I adore it as a movie. It has characters that I get emotionally involved with, witty dialogue and an engaging plot. It’s got an all-star cast, all of whom do a wonderful job with what they are given. It’s beautiful to look at and the music is lovely. All in all, it is a wonderful movie and I just love it. I’ve lost track of how many times I’ve seen it.
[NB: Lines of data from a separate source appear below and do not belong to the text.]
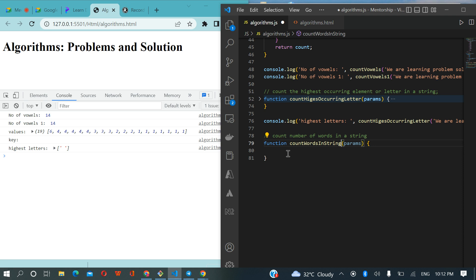Benedict, what do you think? I cannot come up with any idea. Maybe I understand that of counting words. I can easily bring something up, but since I don't understand that one, this one would be more hard for me to solve.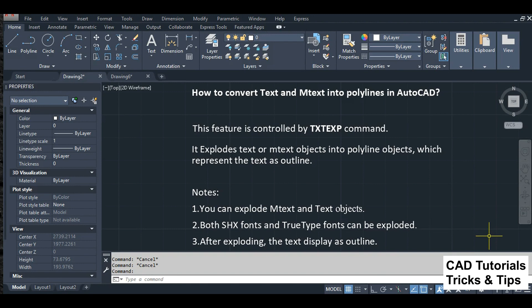Notes: 1. You can explode mtext and text objects. 2. Both SHX fonts and TrueType fonts can be exploded. 3. After exploding, the text displays as an outline. See how it works.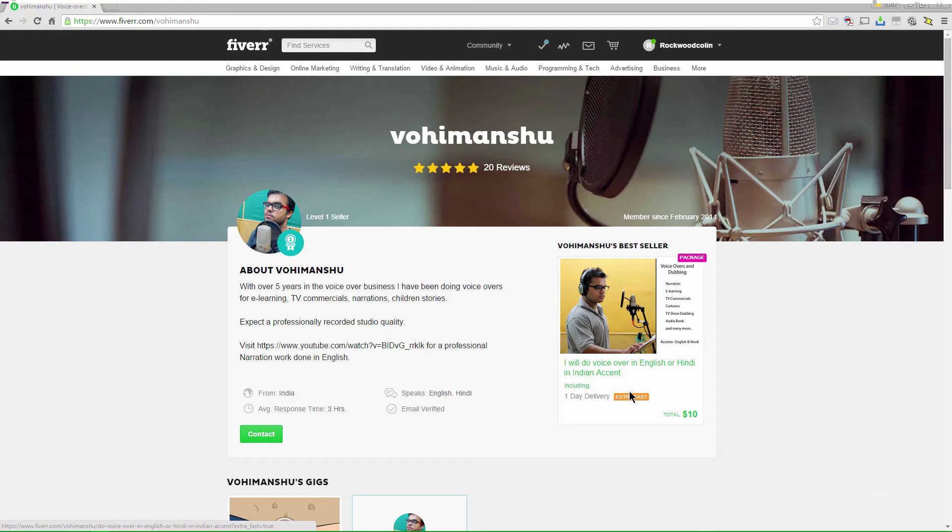Speaking of voiceover, I want to give a shout out to Vohimanshu who did the voiceover for me. You can go to fiverr.com and hire him — he did a fantastic job with a turnaround of under two hours. I'd never worked with him before; he speaks Hindi and English and I wanted an Indian accent. Hopefully you found this informative — please click subscribe to Video Revealed. If you're not already an Adobe Creative Cloud user, there's a special link in the description for a free 30-day trial. Until next time, I'm Colin Smith.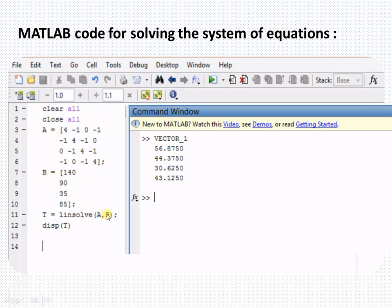Using the `linsolve(A, B)` function — where A is the coefficient matrix and B is the matrix of constants — you can easily obtain the variable matrix T containing T1, T2, T3, and T4. In this way, you can solve four, five, or six simultaneous equations using MATLAB.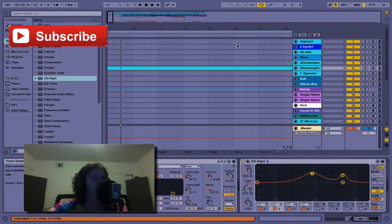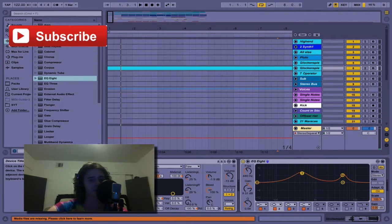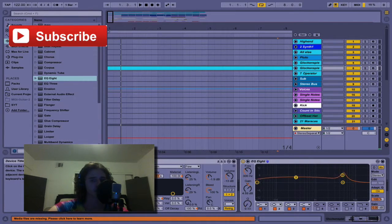What up, y'all? I'm going to show you a quick shortcut in EQ8. I just discovered this recently. All you do — grab a node, you can drag it around, then you're going to press Option.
But (and this is a very big but) I do not adore it as an adaptation. I saw it before I read the book and had no idea just how much it differs from the book. But, then I did go and read the book, and was really shocked at how different Thompson’s script is from Austen’s text. The actors (except for Kate Winslet, who is absolutely outstanding here) are all too old for their roles and, as someone who knows the book, this can be disconcerting. Then there’s the story itself. In her commentary to the DVD, Thompson says that there are only 5 lines of dialogue lifted directly from the novel. OK, that’s an exaggeration, but not by much. Thompson leaves out Nancy Steele, Mrs. Ferrars and Lady Middleton. Young Eliza is called “Beth” and her backstory is changed. The elder Eliza’s story is changed too — in the book she is wealthy and because of that is married off to Brandon’s older brother, but here she is too poor for the Colonel himself to be allowed to marry. There is no Miss Morton (Mrs. Jennings does refer to a Miss Morton in this film, but she is not the same Miss Morton whom the book’s Mrs. Ferrars wants as a daughter-in-law). Thompson takes Margaret (who is so obscure in the book that she is left out of S&S71 and S&S81 completely and really isn’t missed) and makes her a prominent character. She gives us a Mr. Palmer who is more likable than Austen’s. And, most important of all, she removes the scene at Cleveland where Willoughby explains everything. This is, as far as I am concerned, the most important change Thompson made, and it is not a good one. The book’s Willoughby is a very toxic character. He is arguably Austen’s worst villain. But Thompson’s script makes him rather sympathetic. Over the years, I have come across people who have never read the book and who feel sorry for Willoughby. I did (a little bit) when I saw the movie, but I don’t now, and never will again.
So, in short, if you want to watch a wonderful movie, do yourself a favor and choose S&S95. But if you want a wonderful adaptation of Jane Austen’s novel, choose something else.